For those following us, you can no longer get a Testamonium at the Opera Romana Pellegrinaggi. [edited to add: we found out that this is not true. We went there on Saturday and several ladies behind the counter said that they no longer issue testamoniums there but we happened to stop by again on Monday and there they were, handing out the testamoniums to two Italian pilgrims so we got ours too. I haven’t a clue what happened on Saturday]. We will try on Monday at the Uffici della Canonical di San Pietro. It is only opened in the mornings and not on Sundays or Wednesdays.
Arrival at St. Peter’s Square is not arriving like arriving at Santiago de Compostela by any stretch of the imagination. There were thousands of tourists and a handful of pilgrims today, the opposite of the ratio in Santiago. We expected this but the hawkers, street performers, unofficial guides offering their services, etc. were all a pain anyway. We just aimed for a quiet corner of the barricaded piazza and enjoyed the view and the moment. We walked 846km from Vercelli to Rome. That’s a decent accomplishment for us.

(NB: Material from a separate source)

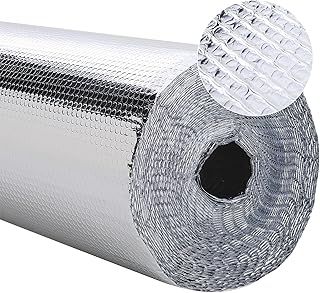 The Fellie 8.4m x 0.6m Aluminium Bubble Foil Insulation Roll, Radiator Foil Insulation, Radiator Reflector Foil, Thermal Wrap Insulation Roll for Windows Floor Van Camper Wall Roof, 3mm Thickness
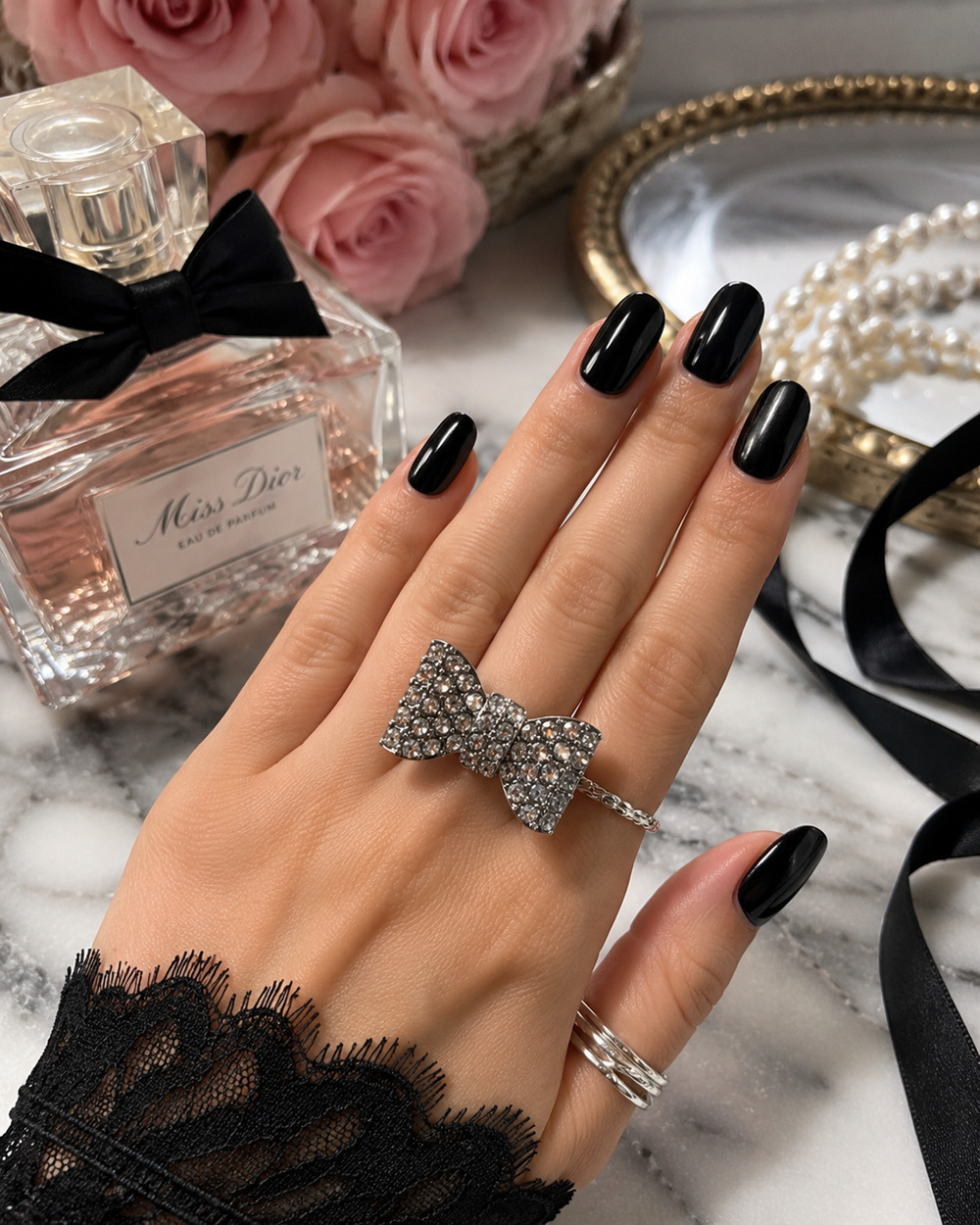 Rhinestone Bow Ring Silver Tone Cocktail Statement Ring Size 6 Gothic Glam Bling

My boots are well and truly done. They are being retired after this walk. May they rest in peace.
By the way, we really know we are in a big city again and it’s been an exciting few hours. We were walking out the hotel door earlier today when immediately next to us, a drunk shoplifter was being wrestled to the ground. An hour or two later, we were sitting outside a restaurant when a large explosion happened nearby. I jumped up and found a family of four and another driver crawling out of cars that were badly damaged in an accident 20m away. After figuring out that all were physically fine, I just directed traffic for a while. I must have been a traffic cop in a previous life. We have also had to put up with all the usual tourist-town scams and prices in restaurants but we’re dealing with it.
We have several more days in Rome. Tomorrow we copped some tickets to the Papal Mass and Angelus in St. Peter’s Square and we will take in the Basilica, Sistine Chapel and Vatican museums on Monday. Tuesday we have an appointment to go through the Holy Door, only open this year through the instructions of Pope Francis during this special Holy Year of Mercy. There is much more of Rome to explore after that. We have lots and lots of prayers to say for every person who I promised along the way as well as family and friends, those who have supported and encouraged us through the blog and Facebook, the people who helped us with advice on the trails, in forums or their own blogs, the friends we met among our fellow pilgrims and several guardian angels, particularly one farmer outside of Mortara.
Peace and love to y’all.
The barricades are up for tomorrow’s mass.